The ad industry was set up. It was given little time to prepare, and almost no information about how the hearings would be conducted.

Can it really be true that marketers are ignoring legitimate ways of communicating with their huge black markets purely because of racial prejudice? It's just not realistic to believe that marketers prefer to sell their products to whites than to blacks. Not even the most racist of businessmen would penalise himself for the sake of so misguided a principle. Money has no colour. But those who accuse the industry of racism seem to accept this unquestioningly.

What they fail almost totally to understand is that marketers view the marketplace in commercial terms. Some consumers are worth more than others because they have more spending power. Which is why, for example, the FM, with a circulation of 30 000, generates more revenue than You magazine, with 230 000. Racism has nothing to do with it. Differences in adspend per reader, listener or viewer also reflect the demographics of the medium's audience. At R715, Business Day's adspend per reader is higher than any other daily newspaper, because it is read by the rich. The Star gets R320 and Sowetan R47.

Price is a crucial element in any decision about placing advertising. Is Yfm a cost-effective way of reaching a desirable target market? This is a key decision for any advertiser, but the critics of supposed racism ignore it.

An undesirable legacy of the apartheid years is a correlation between race and affluence. No amount of shouting that plenty of black people drive BMWs can gainsay the fact that whites, who represent 12% of the population, still account for a disproportionately large share of consumer expenditure. To be precise, 47%.

These are the kinds of realities that a marketing manager ignores at his peril. His job is to obtain the best possible return on his investment in advertising, and that means communicating cost- effectively with the people most able and willing to buy his products.

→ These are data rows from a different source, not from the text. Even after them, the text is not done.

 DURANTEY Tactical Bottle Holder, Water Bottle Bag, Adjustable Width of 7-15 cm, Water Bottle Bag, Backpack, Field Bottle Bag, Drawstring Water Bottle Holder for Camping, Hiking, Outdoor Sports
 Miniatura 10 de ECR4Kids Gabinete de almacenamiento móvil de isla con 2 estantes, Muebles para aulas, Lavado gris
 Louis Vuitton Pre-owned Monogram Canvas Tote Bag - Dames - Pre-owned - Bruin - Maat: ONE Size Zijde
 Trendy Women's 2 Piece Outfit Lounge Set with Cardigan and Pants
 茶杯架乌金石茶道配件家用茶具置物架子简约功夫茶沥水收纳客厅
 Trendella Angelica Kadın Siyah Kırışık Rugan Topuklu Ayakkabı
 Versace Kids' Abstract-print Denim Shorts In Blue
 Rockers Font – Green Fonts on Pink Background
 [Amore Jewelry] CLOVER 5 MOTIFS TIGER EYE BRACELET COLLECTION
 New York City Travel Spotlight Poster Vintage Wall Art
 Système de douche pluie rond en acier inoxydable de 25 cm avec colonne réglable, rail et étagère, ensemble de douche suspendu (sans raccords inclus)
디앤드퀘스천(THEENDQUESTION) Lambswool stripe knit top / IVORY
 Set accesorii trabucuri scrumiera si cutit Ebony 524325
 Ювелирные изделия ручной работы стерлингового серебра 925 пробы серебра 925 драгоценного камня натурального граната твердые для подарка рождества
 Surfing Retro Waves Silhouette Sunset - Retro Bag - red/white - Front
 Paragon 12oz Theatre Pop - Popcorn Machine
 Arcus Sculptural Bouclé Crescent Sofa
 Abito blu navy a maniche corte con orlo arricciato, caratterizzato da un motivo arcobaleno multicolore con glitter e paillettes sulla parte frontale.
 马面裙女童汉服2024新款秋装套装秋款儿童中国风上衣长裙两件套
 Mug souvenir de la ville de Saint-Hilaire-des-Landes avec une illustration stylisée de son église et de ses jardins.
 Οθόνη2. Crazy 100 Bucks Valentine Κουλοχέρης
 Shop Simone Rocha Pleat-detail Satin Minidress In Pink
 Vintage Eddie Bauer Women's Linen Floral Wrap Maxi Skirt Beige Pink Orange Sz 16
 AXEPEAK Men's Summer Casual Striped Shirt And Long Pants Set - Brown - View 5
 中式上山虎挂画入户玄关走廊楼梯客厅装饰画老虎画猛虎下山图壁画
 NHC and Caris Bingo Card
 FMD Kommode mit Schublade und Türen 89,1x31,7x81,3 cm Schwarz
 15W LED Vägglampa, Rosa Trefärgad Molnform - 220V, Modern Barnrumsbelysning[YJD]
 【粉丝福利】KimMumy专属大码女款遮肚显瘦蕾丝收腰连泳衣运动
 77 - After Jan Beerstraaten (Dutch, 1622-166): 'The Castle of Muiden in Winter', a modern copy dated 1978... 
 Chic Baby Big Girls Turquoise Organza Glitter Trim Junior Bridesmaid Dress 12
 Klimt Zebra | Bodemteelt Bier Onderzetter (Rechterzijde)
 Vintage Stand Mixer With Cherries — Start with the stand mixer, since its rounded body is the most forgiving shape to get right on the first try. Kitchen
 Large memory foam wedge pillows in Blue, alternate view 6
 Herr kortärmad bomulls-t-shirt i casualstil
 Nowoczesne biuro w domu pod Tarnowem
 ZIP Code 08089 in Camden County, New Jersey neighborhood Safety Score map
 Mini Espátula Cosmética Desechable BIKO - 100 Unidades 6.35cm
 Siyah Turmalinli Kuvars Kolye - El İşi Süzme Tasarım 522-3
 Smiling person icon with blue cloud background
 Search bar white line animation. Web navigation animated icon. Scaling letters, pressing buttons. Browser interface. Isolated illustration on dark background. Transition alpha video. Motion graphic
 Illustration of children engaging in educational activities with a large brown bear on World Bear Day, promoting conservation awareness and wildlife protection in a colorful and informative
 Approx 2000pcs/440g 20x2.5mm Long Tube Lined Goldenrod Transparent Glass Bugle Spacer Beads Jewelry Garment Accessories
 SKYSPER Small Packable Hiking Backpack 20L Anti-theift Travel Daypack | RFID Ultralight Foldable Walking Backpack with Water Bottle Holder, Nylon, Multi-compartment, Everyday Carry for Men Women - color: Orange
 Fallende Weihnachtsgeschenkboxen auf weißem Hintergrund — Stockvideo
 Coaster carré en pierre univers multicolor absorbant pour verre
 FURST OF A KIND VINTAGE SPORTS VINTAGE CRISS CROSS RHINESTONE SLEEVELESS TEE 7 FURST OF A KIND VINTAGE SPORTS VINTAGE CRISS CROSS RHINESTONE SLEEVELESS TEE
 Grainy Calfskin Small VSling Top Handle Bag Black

Are advertisers guilty of basing their media choices on racist feelings? Of ignoring certain media because they are black, even though they reach the desired target market in a cost-effective way. There's little evidence to support this accusation. The Media Directors' Circle presented figures that showed, for example, 65% of the audience reached through advertising on the 10 biggest radio stations was black, and that 69% of that on all TV stations was black. These ratios may still fall short of the population balance in the country, but the difference is easily accounted for by the variations in affluence between blacks and whites.

You can reach almost as many blacks by advertising in the Sunday Times as in the Sowetan, and you get the advantage of many white readers as well.

Accusations have also been made that the characters portrayed in TV commercials are unfairly biased towards whites. The Media Monitoring Project (MMP), an independent NGO funded by the Ford Foundation, says that if our advertising is a window on society, "it cannot in any sense be SA".

The MMP, which normally monitors the balance of political and news coverage in the media, did a dipstick survey covering one week of television advertising and found that "the overwhelming majority of main protagonists and voice-overs were white". Across the four major free-to-air channels (excluding M-Net), which flighted 1 863 commercials during a particular week, more than 80% of the voice-overs (the indicator of final authority) were white, and 49% of the main protagonists were white. "The near-invisibility of Indian people is also startling," said MMP director William Bird. "There were more cartoon characters than Indian people, and no coloured people were identified."

That, of course, is changing, and rapidly. Again, one could justify this lack of balance on the basis of financial clout. Whites, who have the money, probably identify more closely with white actors and voices. But here one is on thinner ground. Advertising should reflect society more realistically than it does, and any failure to do so serves only to entrench prejudice. That's the burden of an industry so publicly exposed.